* [TASK PROMPT]: Repeat, line for line, only the span that opens at the "Oliver Pocher mit" line and closes at the final line below. Skip the pictures.

* [DATA PROVIDED]:

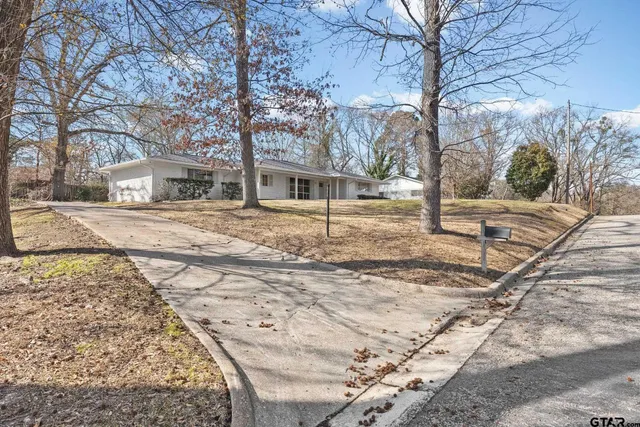 $325,000 | 1106 South Williams Avenue, Mount Pleasant, TX 75455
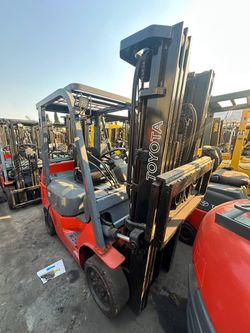Toyota M7 Forklift 3 Stages 5500 Lbs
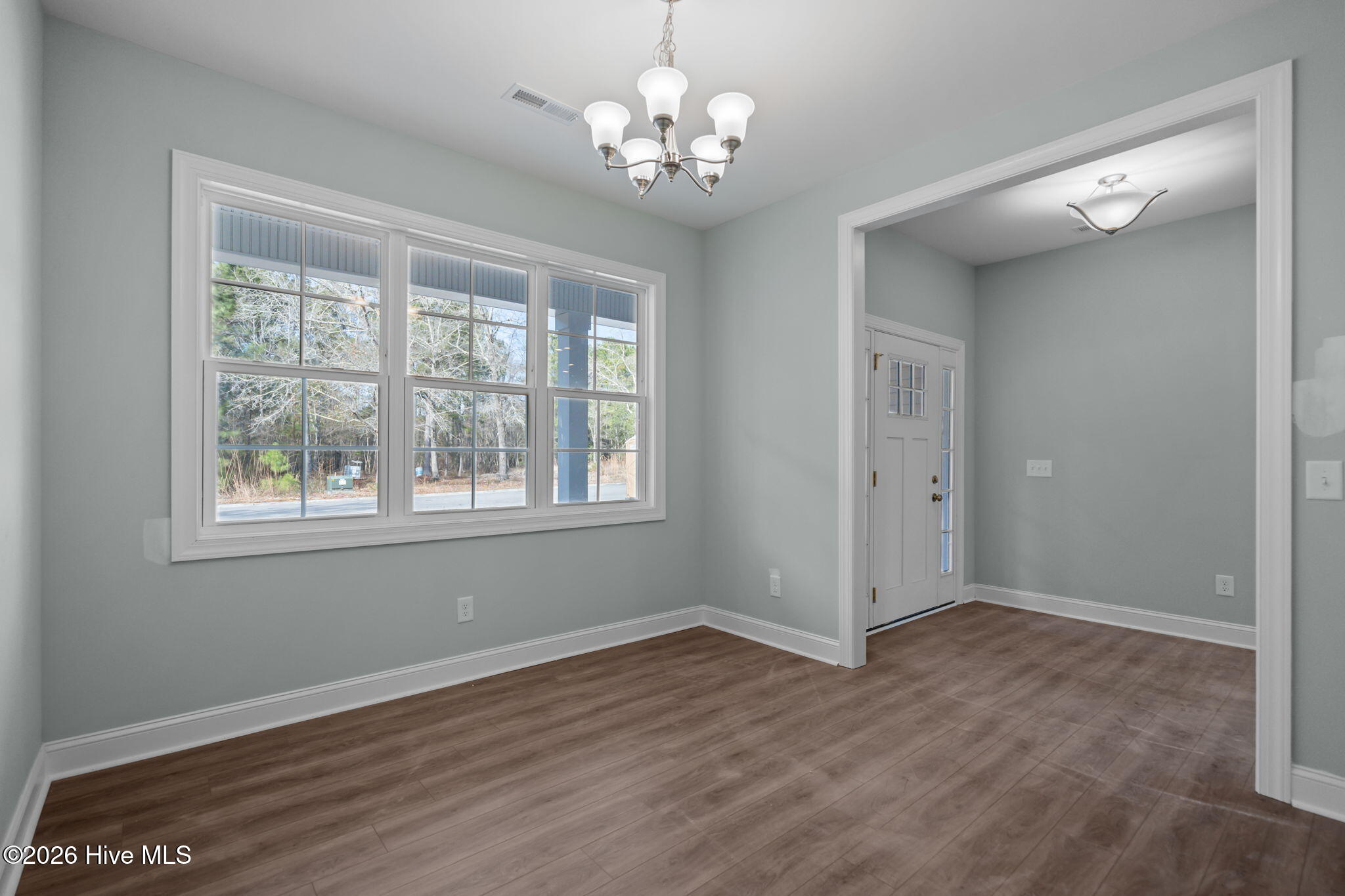 100551885 | Photo 12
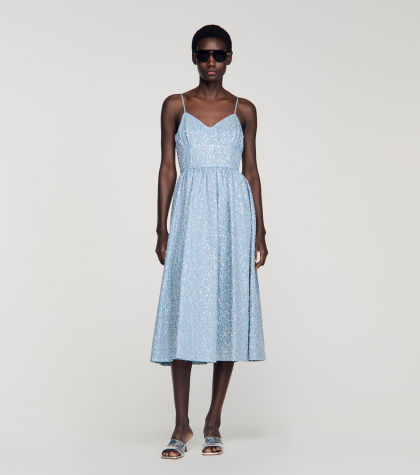 Жіноча довга сукня, розшита паєтками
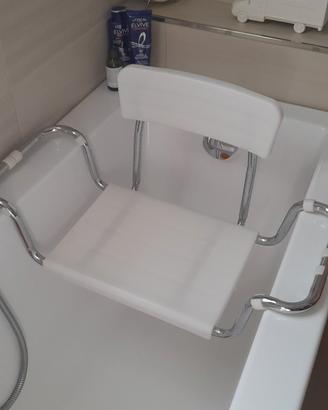 sedile per vasca da bagno con schienale. 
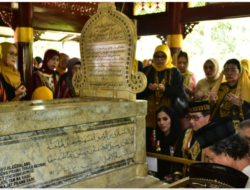 Menteri Ekraf Ziarah ke Makam Cut Nyak Dien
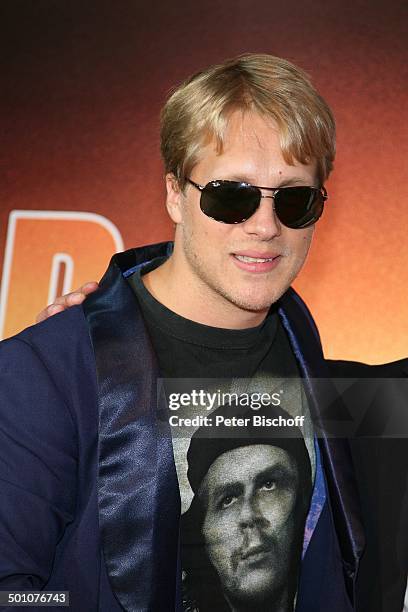 Oliver Pocher mit T-Shirt von Nationalheld Che Guevara, Premiere vom Pilotfilm der RTL-Krimi-Serie "Alarm für Cobra 11", Staffel 17, MMC-Studios,...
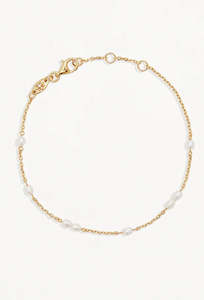 Accessories: Serene Dreams Pearl Bracelet - Gold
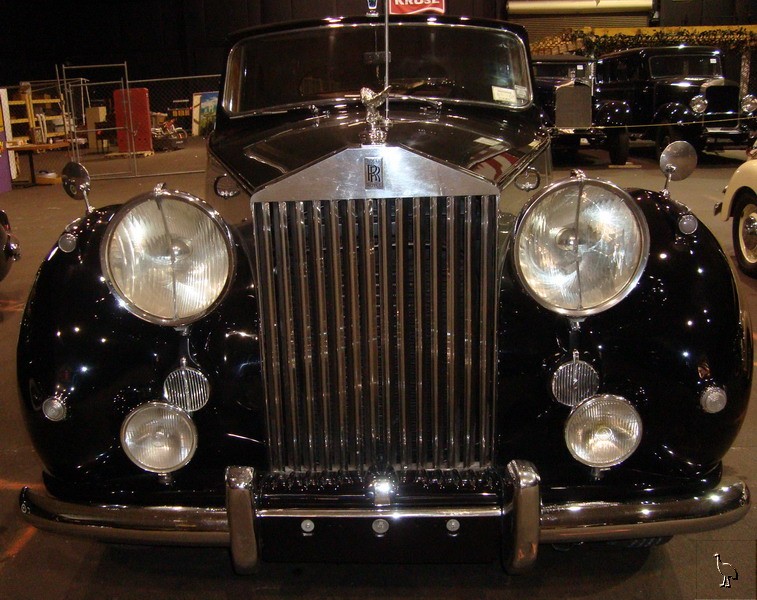 Rolls-Royce_1954_Silver_Wraith_Hooper_3.jpg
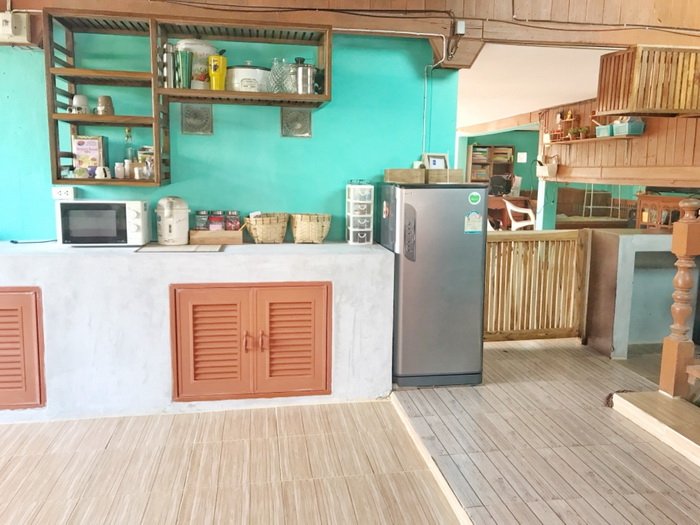 ชวนทุบกระปุก “รีโนเวทห้องครัวไทย” งบไม่เกิน 15000 บาทดีไซน์ปูนเปลือย พร้อมฟังก์ชั่นครบครัน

* [SOLVED PROBLEM]:
 Oliver Pocher mit T-Shirt von Nationalheld Che Guevara, Premiere vom Pilotfilm der RTL-Krimi-Serie "Alarm für Cobra 11", Staffel 17, MMC-Studios,...
 Accessories: Serene Dreams Pearl Bracelet - Gold
 Rolls-Royce_1954_Silver_Wraith_Hooper_3.jpg
 ชวนทุบกระปุก “รีโนเวทห้องครัวไทย” งบไม่เกิน 15000 บาทดีไซน์ปูนเปลือย พร้อมฟังก์ชั่นครบครัน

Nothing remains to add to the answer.